*** Data provided ***

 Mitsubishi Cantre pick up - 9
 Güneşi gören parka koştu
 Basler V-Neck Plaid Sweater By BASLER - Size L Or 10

*** End of Data provided ***

For this task, set down the entire listing word for word.

 Mitsubishi Cantre pick up - 9
 Güneşi gören parka koştu
 Basler V-Neck Plaid Sweater By BASLER - Size L Or 10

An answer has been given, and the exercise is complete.